§ Task item:
Only the lines from the one containing "Fig. 07 - Tracker holder assembly" through the end of the entries are to be copied, exactly and without pictures, please.

§ Records for this exercise:
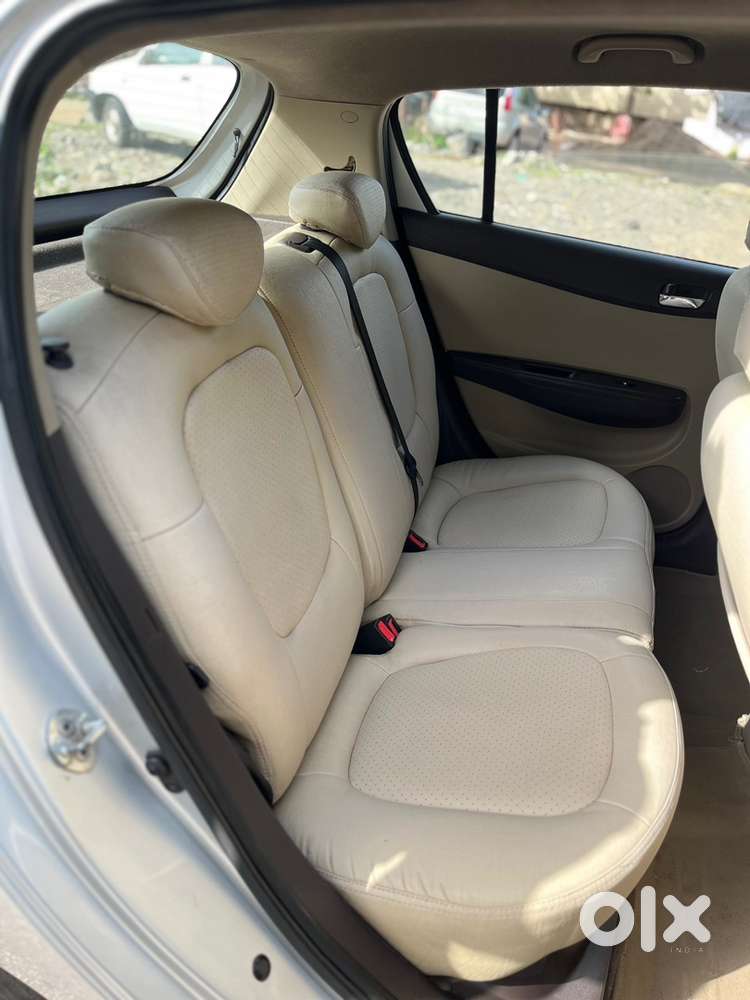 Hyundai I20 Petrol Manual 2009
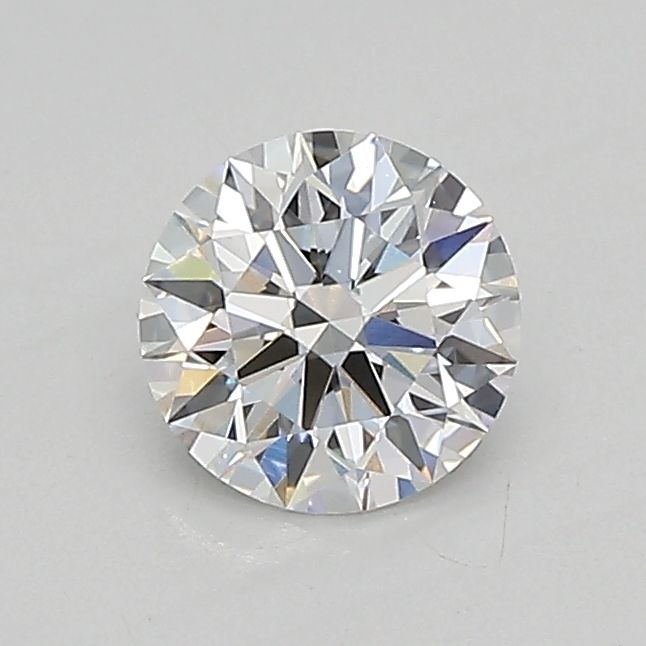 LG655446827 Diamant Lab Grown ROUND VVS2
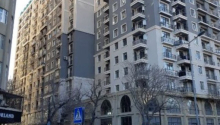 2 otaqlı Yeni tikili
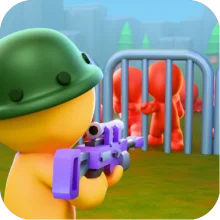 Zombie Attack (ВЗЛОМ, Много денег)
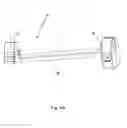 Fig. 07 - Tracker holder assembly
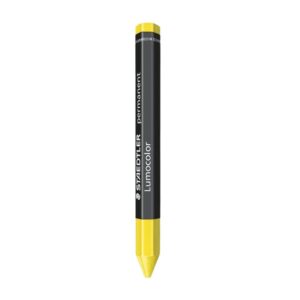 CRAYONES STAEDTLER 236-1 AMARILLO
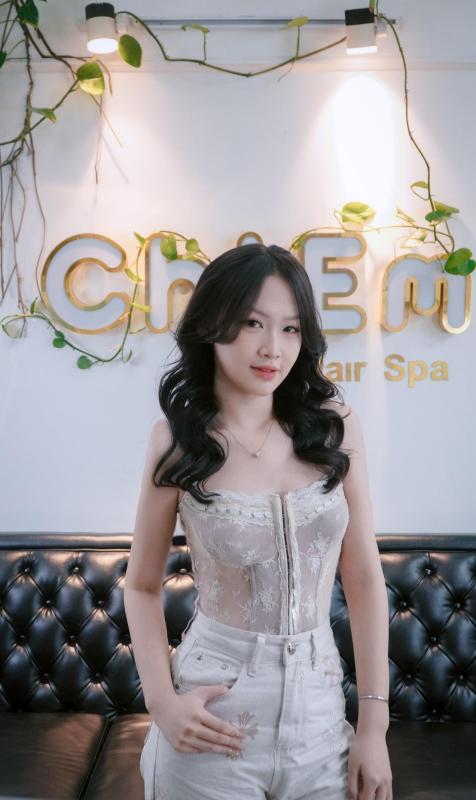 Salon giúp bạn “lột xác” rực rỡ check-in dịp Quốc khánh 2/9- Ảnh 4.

§ Expected answer:
 Fig. 07 - Tracker holder assembly
 CRAYONES STAEDTLER 236-1 AMARILLO
 Salon giúp bạn “lột xác” rực rỡ check-in dịp Quốc khánh 2/9- Ảnh 4.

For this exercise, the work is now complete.